Portable real time renderer window without graphical API


I am writing a renderer on CPU and GPU (using Cuda) using C++. I do not use DirectX, Vulkan or OpenGL, I am writing the whole rendering pipeline myself as an exercise. For the moment, the result of the rendering is saved as a PNG file.

However, I would like to display the result of the rendering in real time in a window but I do not know how to do it. For example, in the Nvidia OptiX examples (https://github.com/nvpro-samples/optix_advanced_samples), they create a window using glfw3 and then they create an OpenGL context and they display the result of the OptiX rendering on a simple texture inside the OpenGL context.
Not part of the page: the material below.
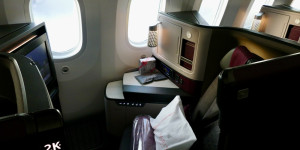 Beitragsbild des Blogbeitrags DEAL: Qatar Business Lissabon – Oman (Return): 1.200 Euro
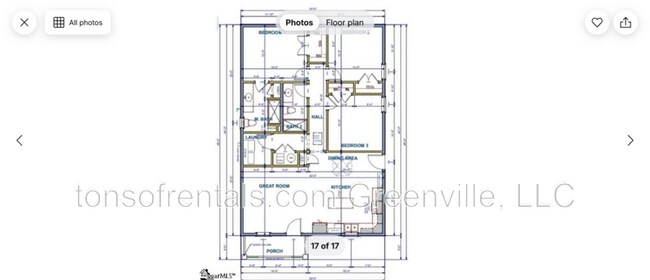 Building Photo - 201 Stratford Rd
I would like to do the same, but I do not want to create an OpenGL context because I want to have a portable solution (Windows and Linux) which do not use any graphical API. I do not want to rely on OpenGL, especially if it is only for the display.

Is there a portable C++ library for managing a window and displaying in real time a texture without using any major graphical API (DirectX, Vulkan, OpenGL) ?

Edit: Thank you for your answers. I was probably not so clear in my initial question. I want to use a GUI but I do not want to use a hardware accelerated API such as OpenGL. Because 60 times per second I refresh a buffer in memory which contains the rendering of my scene (an array of 8 bits unsigned int, with a simple RGB representation, 3 values per pixel), and I just want to display this buffer inside a window 60 times per second.


Solution

  • There are standalone libraries like Window-API that will provide cross-platform window management (Linux + Windows, in that case).

    There are frameworks like Qt and wxWidgets that do that and much more, like providing you a kitchen sink, refrigerator, backyard rocket launching pad, etc.

    You're still going to need to talk to a "graphical" API or framework of some sort (hence GUI, graphical user interface) but you can certainly display images, animations, videos, etc, outside of hardware-accelerated 3D graphical rendering contexts like OpenGL, Vulkan, or DirectX.